The Texas House Select Committee on Economic Competitiveness’ meeting on Wednesday focused on how to retain top talent in the state. Much of the discussions were over improving public education and infrastructure, but there were conversations over the so-called “bathroom bill.”
The legislation, which failed to pass in both the regular and special sessions, would’ve required Texans to use public facilities, such as restrooms, locker rooms and showers, based on their sex at birth, regardless of the gender they identified with.
Tom Luce, who has held several top positions in Texas and at the federal level in areas of business and education, said to meet the needs of the state’s workforce, there needs to be a mix of strong tier 1 universities, regional universities and community colleges. He says 85 percent of the jobs being created now will require 14 years of completed education.
“Community colleges are where the realistic vocational training is going to take place,” Luce said.
Dallas Mavericks owner Mark Cuban was one of several speakers invited to speak with lawmakers during the committee hearing. Cuban told lawmakers certain political issues in Texas such as the ‘bathroom bill’ will prevent businesses from moving to the state.
“People just don’t take it seriously, you know?” he said. “It’s just like, ‘why would I want to deal with that?’ If you get to a good company that’s large enough, there’s going to be somebody who is transgender as an example of who is really good – really, really, really good and the company depends on that person.”
He also said Texas’ higher education system while is doing well, it’s not producing enough results in business and economic growth for the state.
“I don’t say that disparaging any of the amazing colleges and universities we have here, whether it’s Southern Methodist University, the University of Texas-Austin, you can go down the long list of great schools,” he said. “But I’ve made investments in 150 non-Shark Tank technology related companies and very few of them, a tiny percentage, are graduates from Texas universities.”
Prior to the meeting, critics of the new committee held a press conference questioning the motivations of having the hearing. Rep.

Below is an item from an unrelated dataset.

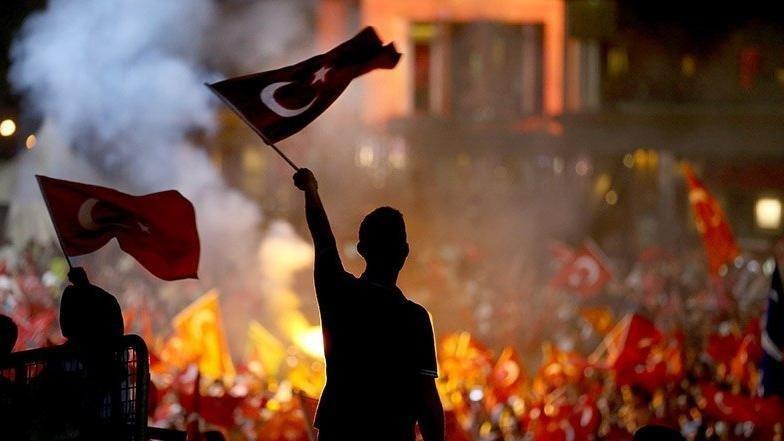 Ünlülerden 15 Temmuz paylaşımları!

Matt Rinaldi, R-Irving, said not allowing members who aren’t on the committee participate in the hearing is inconsistent with the Texas House’s practices.
“This decision completely undermines the credibility and any interim report it may produce,” he said.
Jonathan Saenz, president of Texas Values, said the purpose behind the committee hearing was an attempt to push against the “bathroom bill.”
“Somehow the economic state of Texas is dependent on jeopardizing the privacy and safety of women and children and for some people, they prefer you don’t have issues that protect religious liberty and other safety measures related to our security in our state,” Saenz said.
The committee will meet again on Dec. 5.